March 25th. – Yesterday, at one o'clock, I called by appointment on Mr. Bennoch, and lunched with him and his partners and clerks. This lunch seems to be a legitimate continuation of the old London custom of the master living at the same table with his apprentices. The meal was a dinner for the latter class. The table was set in an upper room of the establishment; and the dinner was a large joint of roast mutton, to which ten people sat down, including a German silk-merchant as a guest besides myself. Mr. Bennoch was at the head of the table, and one of his partners at the foot. For the apprentices there was porter to drink, and for the partners and guests some sparkling Moselle, and we had a sufficient dinner with agreeable conversation. Bennoch said that G. G – used to be very fond of these lunches while in England.
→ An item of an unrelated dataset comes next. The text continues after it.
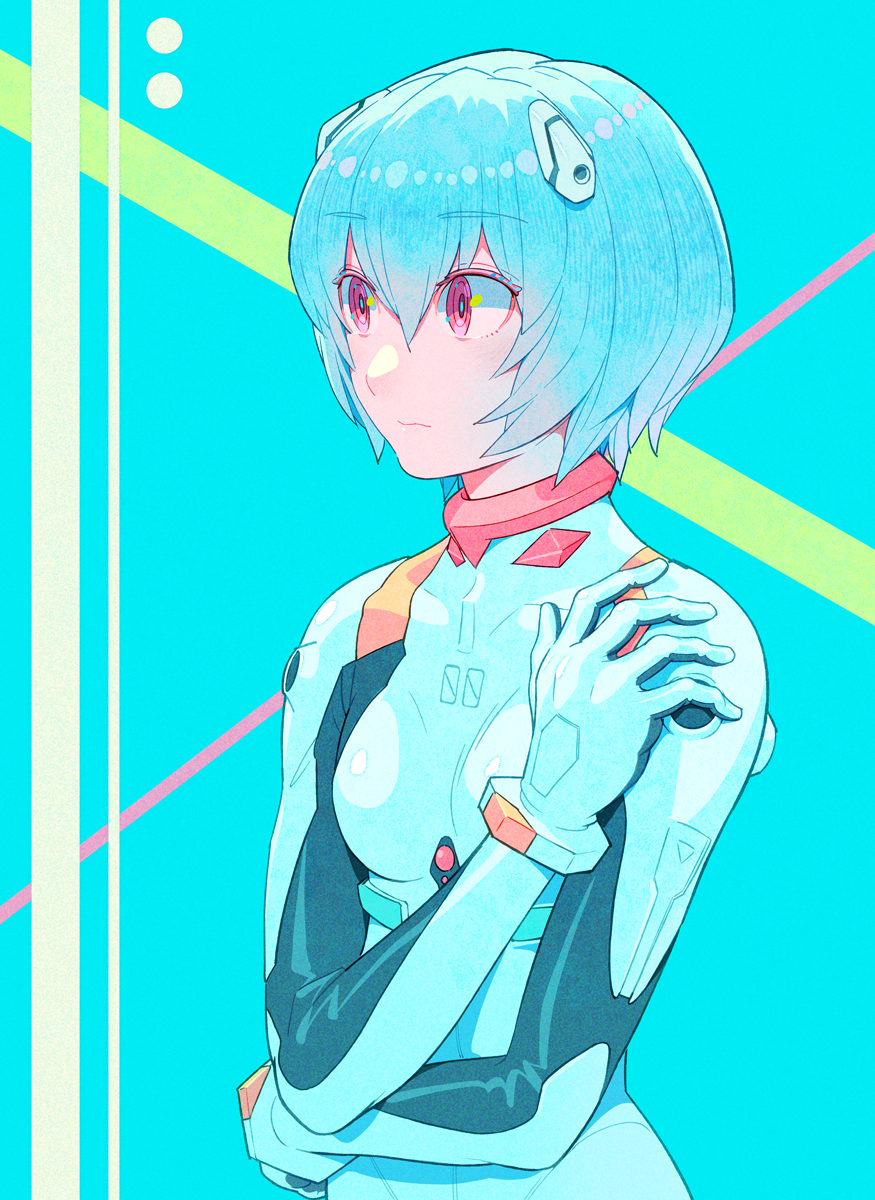 1girl, aqua_hair, aqua_theme, ayanami_rei, bodysuit, eyebrows_visible_through_hair, hair_between_eyes, highres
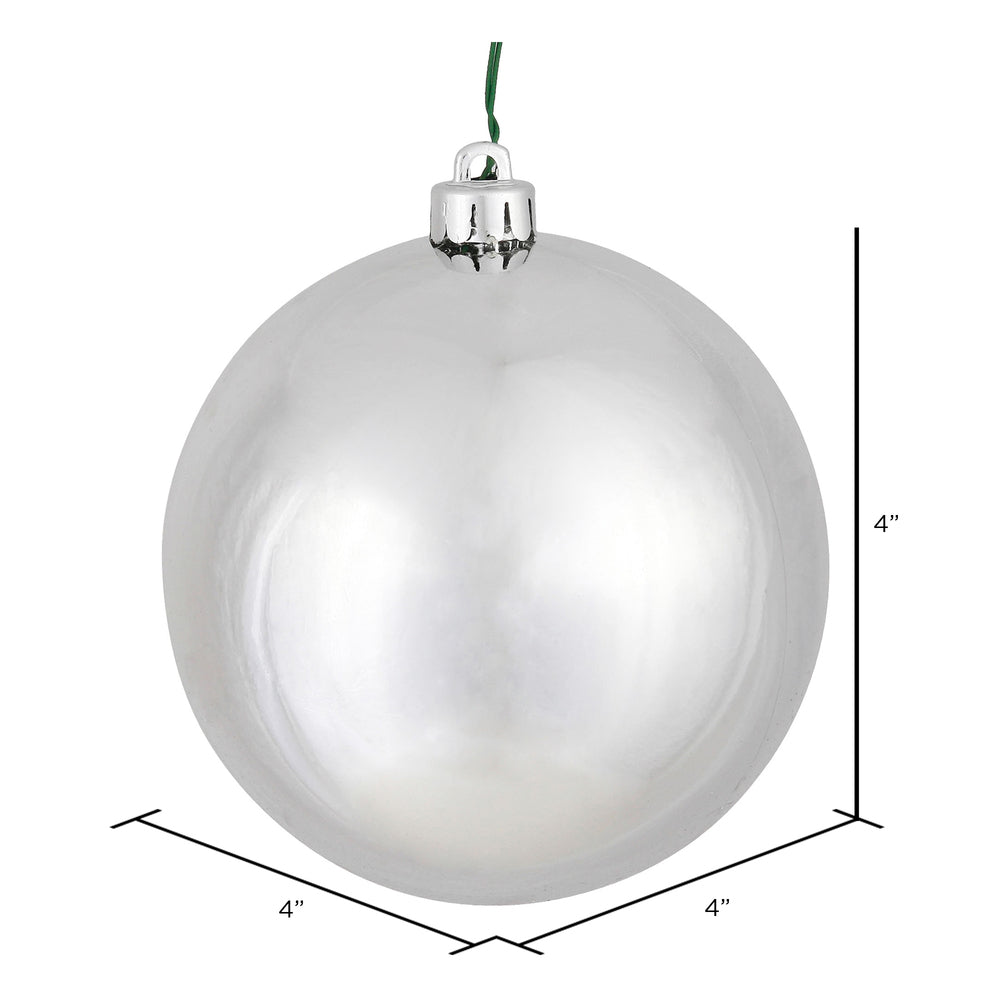 4" Shatterproof Ball Ornament - Silver - Shiny - UV Treated - Bag of 6 — view 3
After lunch, Mr. Bennoch took me round the establishment, which is quite extensive, occupying, I think, two or three adjacent houses, and requiring more. He showed me innumerable packages of ribbons, and other silk manufactures, and all sorts of silks, from the raw thread to the finest fabrics. He then offered to show me some of the curiosities of old London, and took me first to Barber-Surgeons' Hall, in Monkwell Street. It was at this place that the first anatomical studies were instituted in England. At the time of its foundation, the Barbers and Surgeons were one company; but the latter, I believe, are now the exclusive possessors of the Hall. The edifice was built by Inigo Jones, and the principal room is a fine one, with finely carved wood-work on the ceiling and walls. There is a skylight in the roof, letting down a sufficient radiance on the long table beneath, where, no doubt, dead people have been dissected, and where, for many generations, it has been the custom of the society to hold its stated feasts. In this room hangs the most valuable picture by Holbein now in existence, representing the company of Barber-Surgeons kneeling before Henry VIII., and receiving their charter from his hands. The picture is about six feet square. The king is dressed in scarlet, and quite fulfils one's idea of his aspect. The Barber-Surgeons, all portraits, are an assemblage of grave-looking personages, in dark costumes. The company has refused five thousand pounds for this unique picture; and the keeper of the Hall told me that Sir Robert Peel had offered a thousand pounds for liberty to take out only one of the heads, that of a person named Pen, he conditioning to have a perfect fac-simile painted in. I did not see any merit in this head over the others.

Beside this great picture hung a most exquisite portrait by Vandyke; an elderly, bearded man, of noble and refined countenance, in a rich, grave dress. There are many other pictures of distinguished men of the company, in long past times, and of some of the kings and great people of England, all darkened with age, and producing a rich and sombre effect, in this stately old hall. Nothing is more curious in London than these ancient localities and customs of the City Companies, – each trade and profession having its own hall, and its own institutions. The keeper next showed us the plate which is used at the banquets.

I should like to be present at one of these feasts. I saw also an old vellum manuscript, in black-letter, which appeared to be a record of the proceedings of the company; and at the end there were many pages ruled for further entries, but none had been made in the volume for the last three or four hundred years.